現代の代書人の皆さん、時間のあるときに一度聞いてみませんか。



2010年8月22日日曜日

黄金の都 シカン

南米の文明には数々の魅惑的な謎が有り、私は子供の頃から、それらについて書かれた本を読み漁っていました。
私の子供の頃から今に至るまでのミーハー的冒険心を捉えて離さない様々な謎と言えば、
ナスカの地上絵(ペルー)、イースター島のモアイ(チリ)、マチュピチュ(ペルー)・・・
一度実際に見たいものです。

さてインカ帝国の前、9世紀中期から14世紀末にペルー北部に「シカン」という都市国家が有りました。
その展示が仙台市博物館で「黄金の都シカン」として特別開催されていました。
私はずっと見に行きたかったのですが、なかなか時間が取れませんでした。
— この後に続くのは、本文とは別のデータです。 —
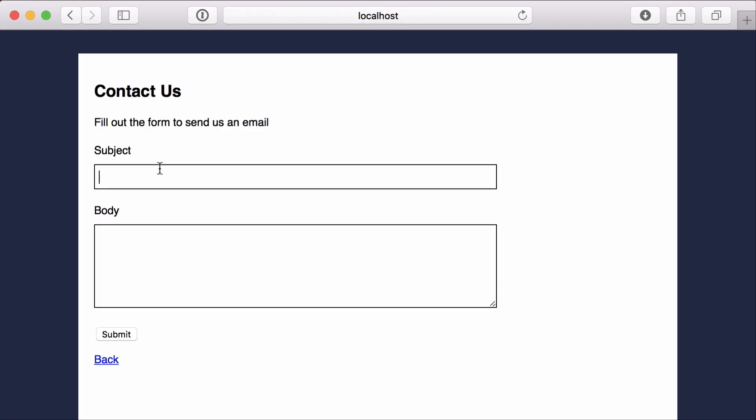Here we have a demo app, but it has an issue. When a user fills out the contact form, there's a delay while the email is being sent.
結局、7月2日から開催されていたこの特別展に、最終日の本日やっと行って来ました。

シカンは、大きな経済力と、周辺の異民族との交流を持つ政治力と、高度な冶金技術を持った文化でしたが、つい最近まで誰にも知られていない文化でした。
当時インカ文明の一部であるとされていた発掘物は別の文明に分類されるべきとして、30年もの長い間、このシカン文化を調査発掘して、ついに結果をだしたのが日本人の島田泉氏(現南イリノイ大学教授)でした。
日本人がペルーに渡り、調査しようとすると最初は盗掘者と間違われたり、理解されずに苦労したようですが、結果として世界の歴史に残る大発見をしたのです。
ちなみに「シカン(月の神殿、月の家)」という名前を付けたのも島田氏とのことでした。
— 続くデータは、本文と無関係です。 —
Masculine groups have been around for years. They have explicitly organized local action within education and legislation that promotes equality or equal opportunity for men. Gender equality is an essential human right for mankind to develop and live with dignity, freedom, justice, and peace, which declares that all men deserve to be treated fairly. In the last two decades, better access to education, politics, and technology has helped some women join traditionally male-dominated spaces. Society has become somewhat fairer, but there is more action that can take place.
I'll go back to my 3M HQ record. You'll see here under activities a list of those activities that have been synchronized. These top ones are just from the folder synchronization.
考古学はここを掘れば何か出てくると保証されている訳ではないところにチャレンジするのですから、報われない事も多いでしょう。
この島田氏の偉大な業績は、運の良さに助けられた事も有るでしょうが、
「動き出して信念を持って継続しなければ、その運にも出会えない」
ことに気がつかなければなりませんね。

そんなことを考えながら、謎に満ちたシカンの美しい工芸品の数々を堪能してきました。